Segment Start: Source data

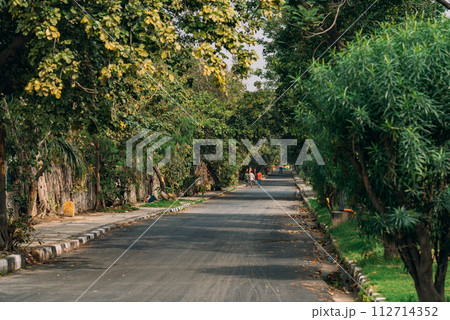 インド ニューデリーの街並み インド ニューデリーの街並み 112714352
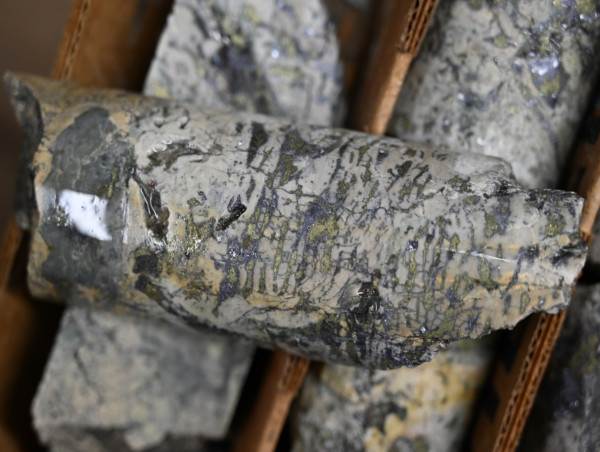  Barksdale Resources Corp. Intersects High-Grade Sulfide 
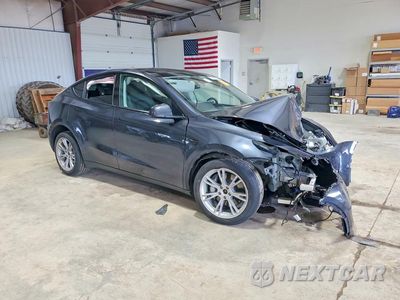Czwarte zdjęcie samochodu z boku: 2024 TESLA MODEL Y VIN:7SAYGDEE6RA263036 - miniatura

Segment End: Source data

● Work to be completed
The material above must be set down word for word, with no picture carried over.

● Answer space
 インド ニューデリーの街並み インド ニューデリーの街並み 112714352
  Barksdale Resources Corp. Intersects High-Grade Sulfide 
Czwarte zdjęcie samochodu z boku: 2024 TESLA MODEL Y VIN:7SAYGDEE6RA263036 - miniatura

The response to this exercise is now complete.